Brief descriptive captions
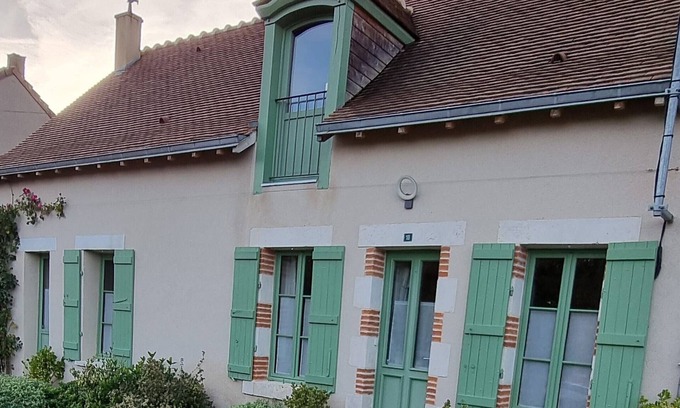 Rosnay Cottage | Charming Eco-Friendly Home in Brenne Natural Park with Private Garden, Terrace & Modern Amenities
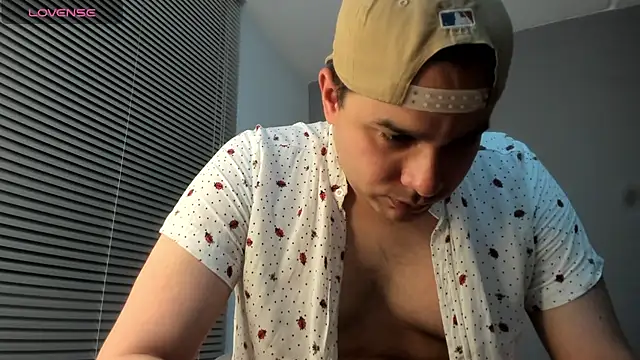 Snapshot of Latin_boy_surprisee chatting on 05/05/26, 12:51 Latin boy surprisee online show from 05/05/26, 12:51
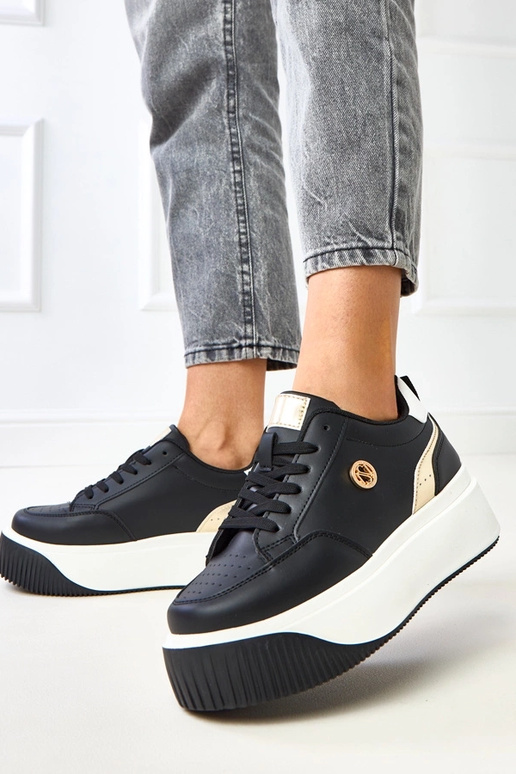 Zwarte sportieve schoenen op een... Zwarte sportieve schoenen op een...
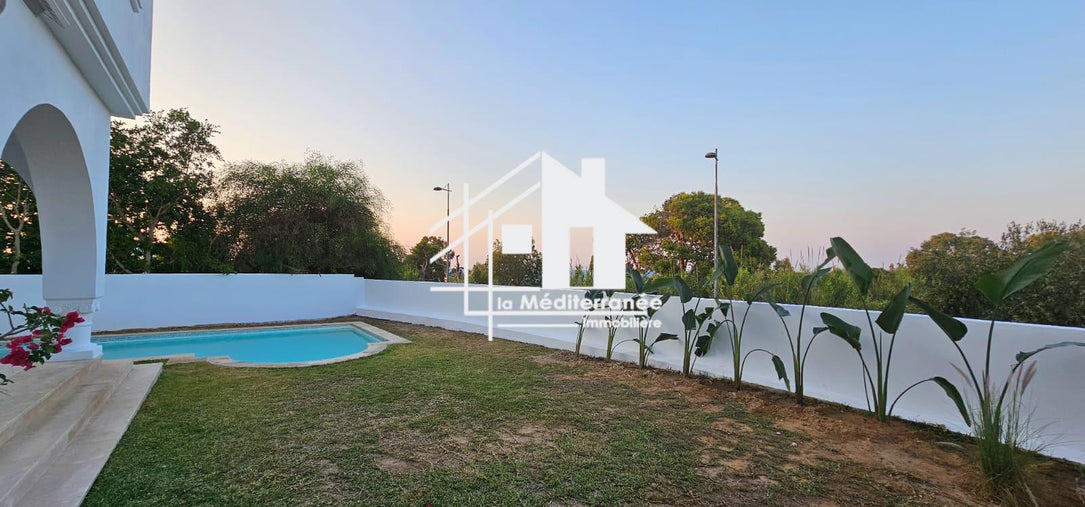 Une villa S+3 Marina Gammarth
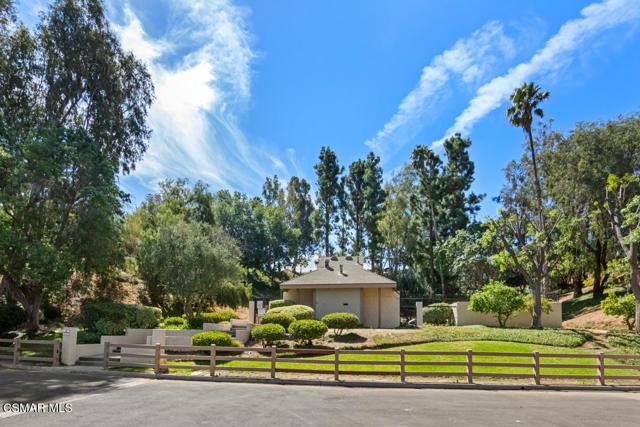 842 Catlin Street, Simi Valley CA: https://media.crmls.org/mediaz/2d815339-ec4f-4026-beba-0756336508c6.jpg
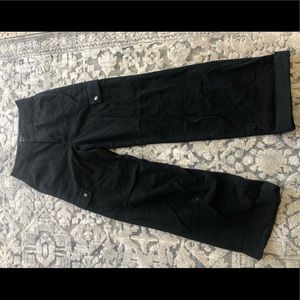 New Black wide leg cargo pants xs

Problem description -
Return the records word for word, leaving every picture out of the copy.

Written solution -
 Rosnay Cottage | Charming Eco-Friendly Home in Brenne Natural Park with Private Garden, Terrace & Modern Amenities
 Snapshot of Latin_boy_surprisee chatting on 05/05/26, 12:51 Latin boy surprisee online show from 05/05/26, 12:51
 Zwarte sportieve schoenen op een... Zwarte sportieve schoenen op een...
 Une villa S+3 Marina Gammarth
 842 Catlin Street, Simi Valley CA: https://media.crmls.org/mediaz/2d815339-ec4f-4026-beba-0756336508c6.jpg
 New Black wide leg cargo pants xs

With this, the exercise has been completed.